### Task description
With the pictures omitted, print exactly the lines below, from the one containing "Foto aerea del" through the one containing "Man on telephone", and nothing else.

(Data entries)

◆ ◆ ◆ ◆

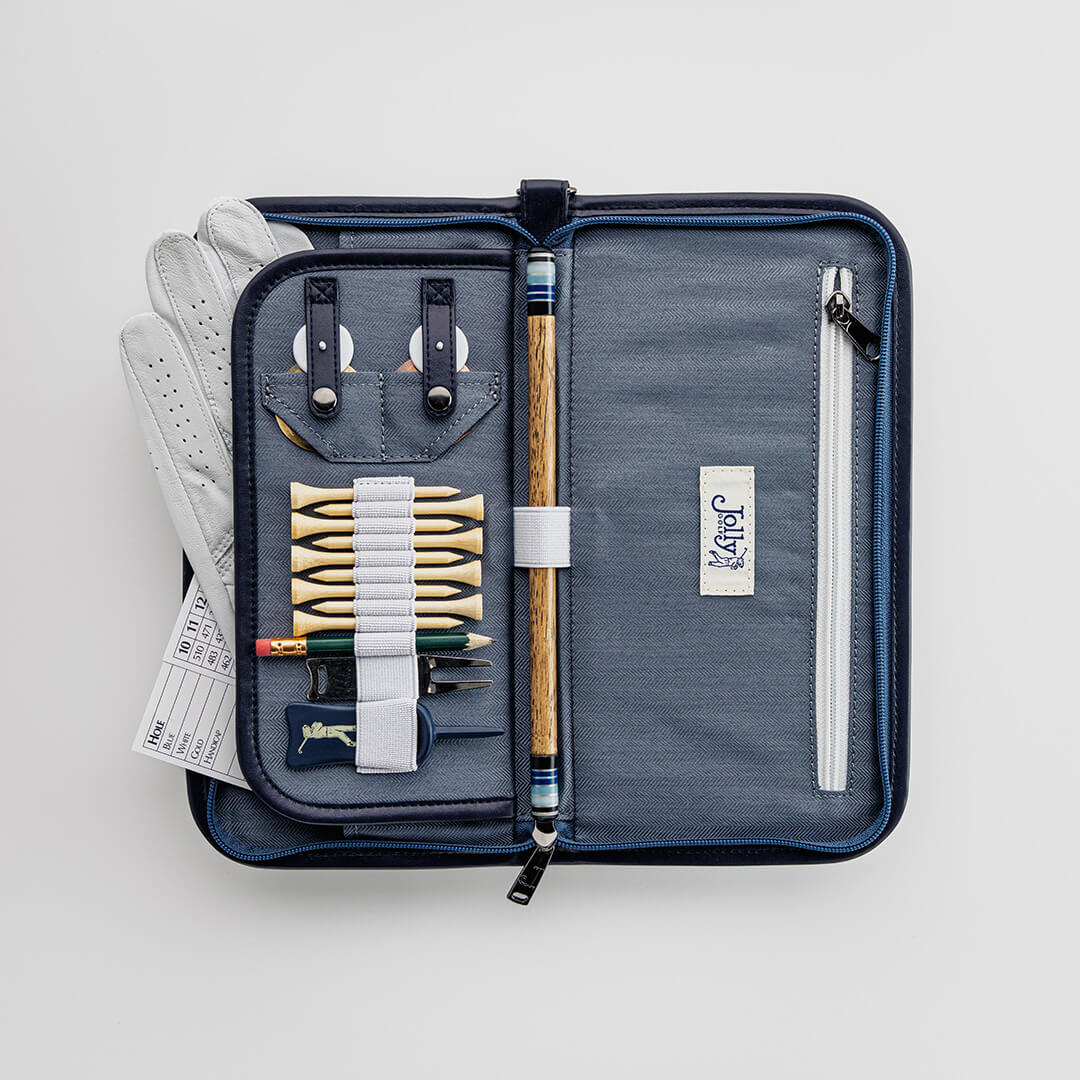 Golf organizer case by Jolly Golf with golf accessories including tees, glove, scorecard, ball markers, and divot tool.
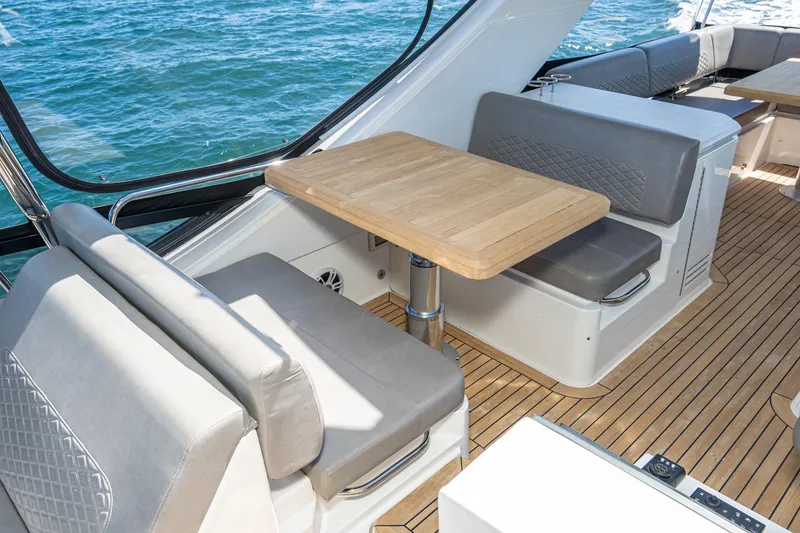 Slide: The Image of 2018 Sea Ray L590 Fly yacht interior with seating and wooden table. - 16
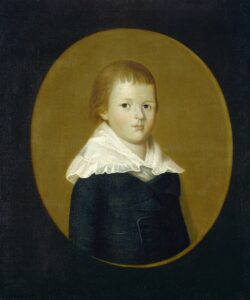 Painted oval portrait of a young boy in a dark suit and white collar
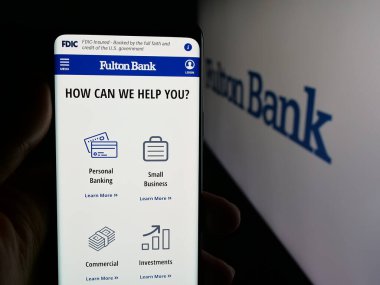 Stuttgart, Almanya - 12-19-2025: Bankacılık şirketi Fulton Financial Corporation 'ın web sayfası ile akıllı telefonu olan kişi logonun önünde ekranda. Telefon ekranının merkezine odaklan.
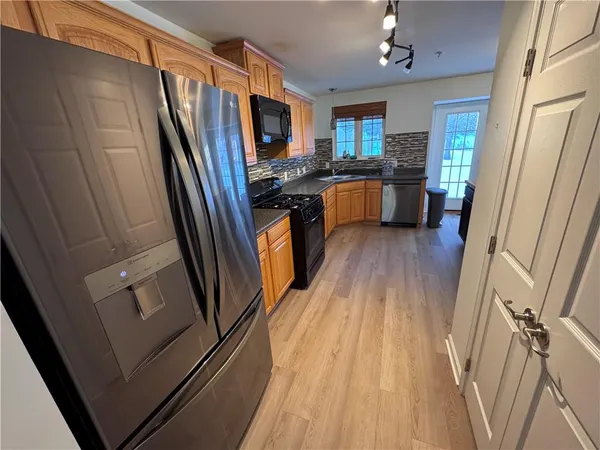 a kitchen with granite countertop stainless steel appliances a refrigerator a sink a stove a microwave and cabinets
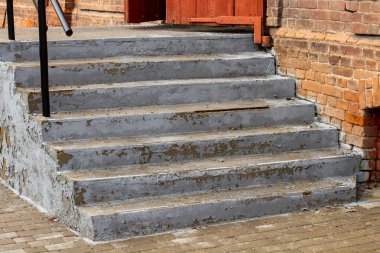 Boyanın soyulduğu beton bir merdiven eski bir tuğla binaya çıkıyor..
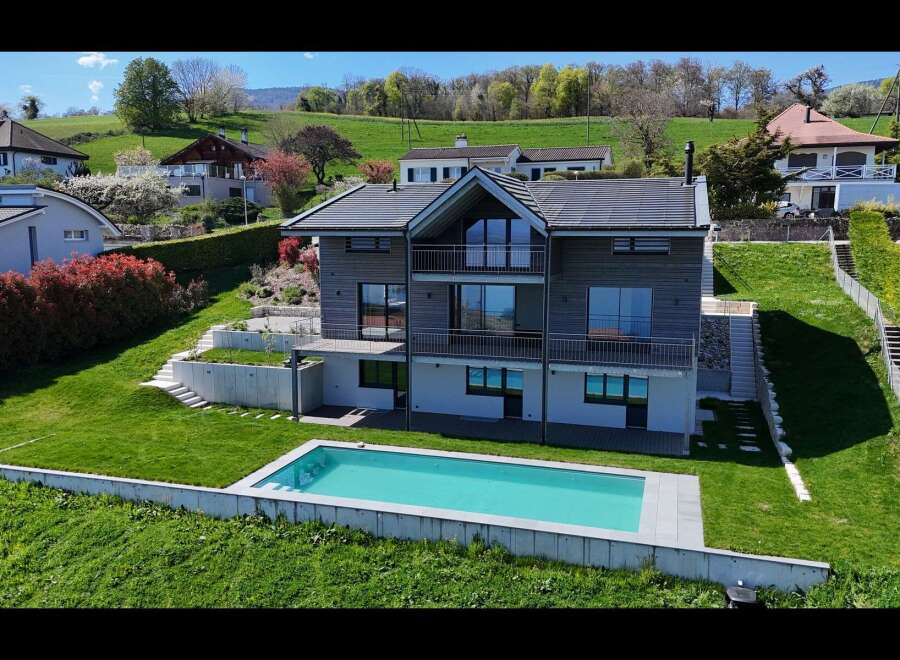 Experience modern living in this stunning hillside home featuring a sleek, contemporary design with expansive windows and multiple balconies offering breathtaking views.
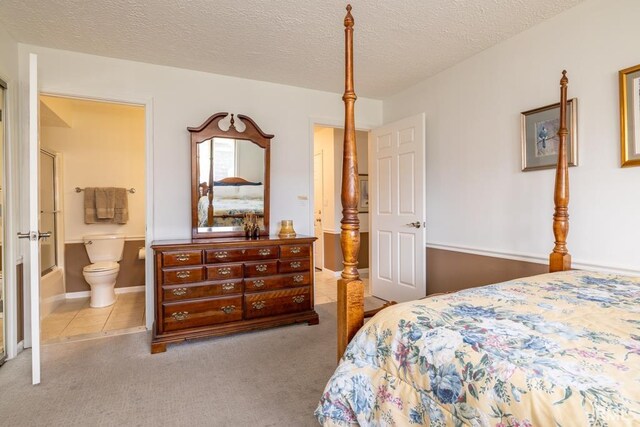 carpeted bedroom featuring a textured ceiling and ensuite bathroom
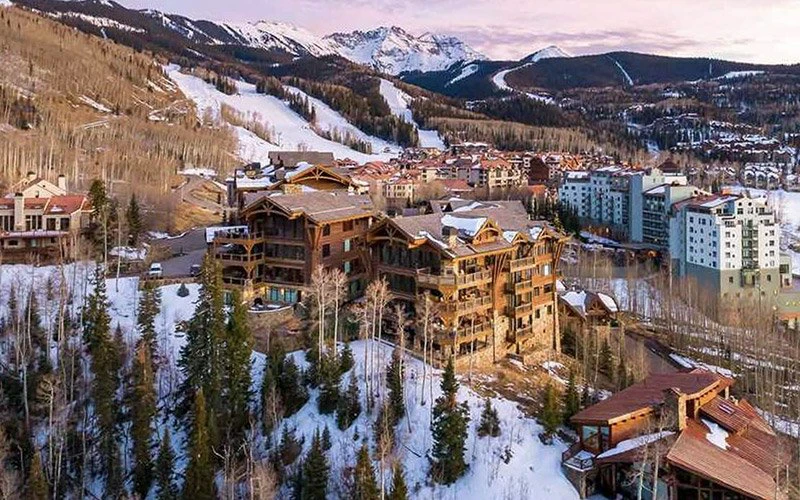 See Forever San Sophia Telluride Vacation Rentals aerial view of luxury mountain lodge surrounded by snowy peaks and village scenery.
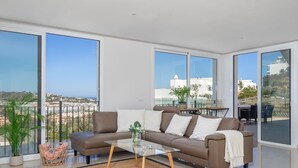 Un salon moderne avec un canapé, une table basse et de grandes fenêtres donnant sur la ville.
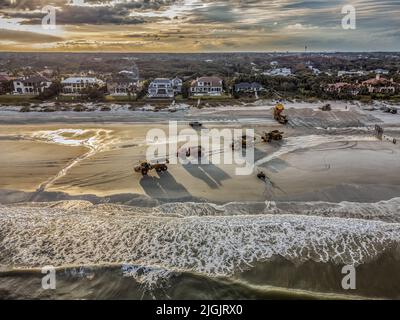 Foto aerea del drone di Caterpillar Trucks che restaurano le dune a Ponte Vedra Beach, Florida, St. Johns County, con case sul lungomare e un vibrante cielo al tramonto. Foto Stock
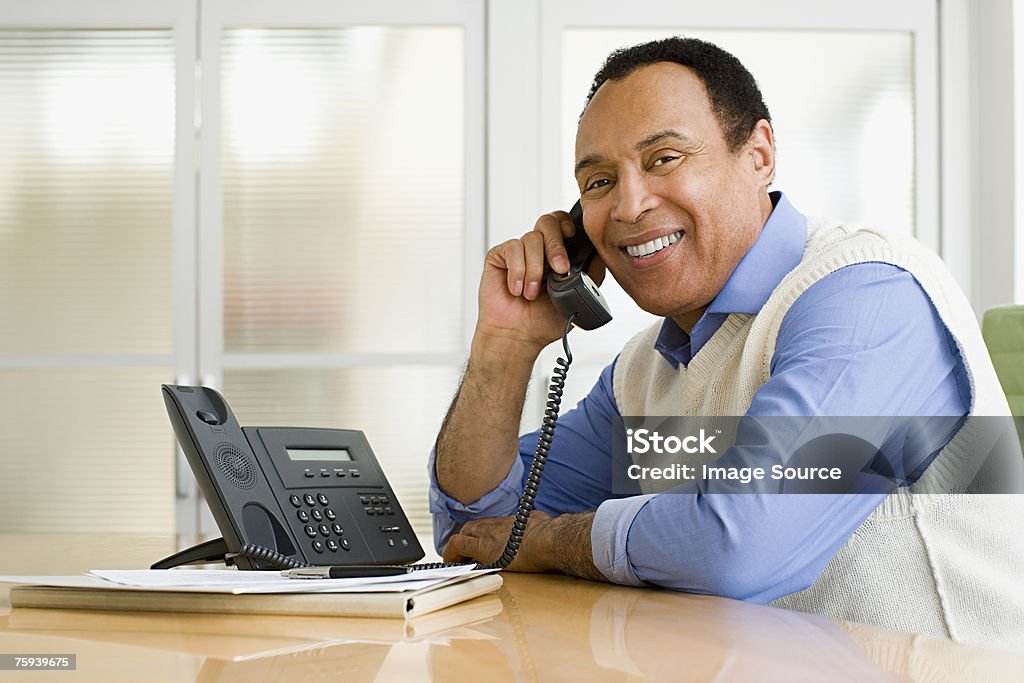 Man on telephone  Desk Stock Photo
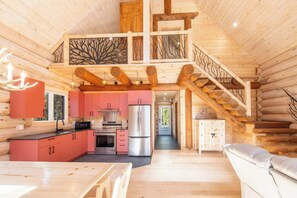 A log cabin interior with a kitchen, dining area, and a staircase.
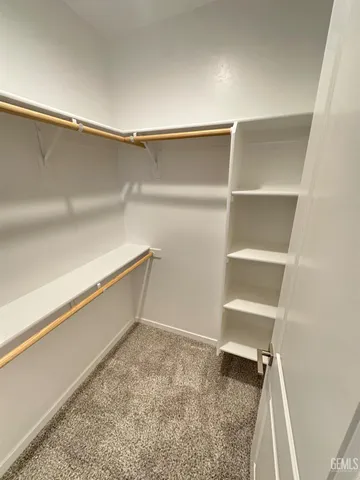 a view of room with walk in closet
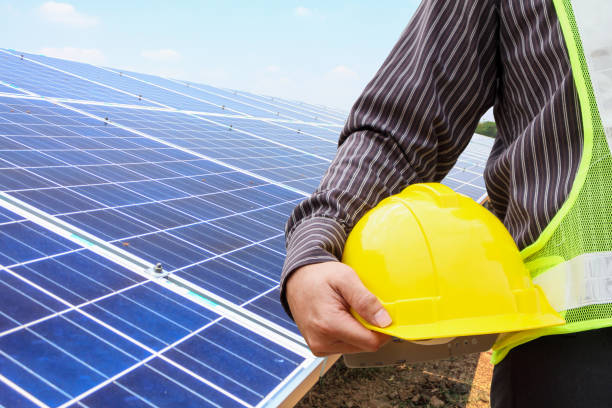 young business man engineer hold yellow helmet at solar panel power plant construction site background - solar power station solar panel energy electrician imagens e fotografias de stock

◆ ◆ ◆ ◆

### Task result
 Foto aerea del drone di Caterpillar Trucks che restaurano le dune a Ponte Vedra Beach, Florida, St. Johns County, con case sul lungomare e un vibrante cielo al tramonto. Foto Stock
 Man on telephone  Desk Stock Photo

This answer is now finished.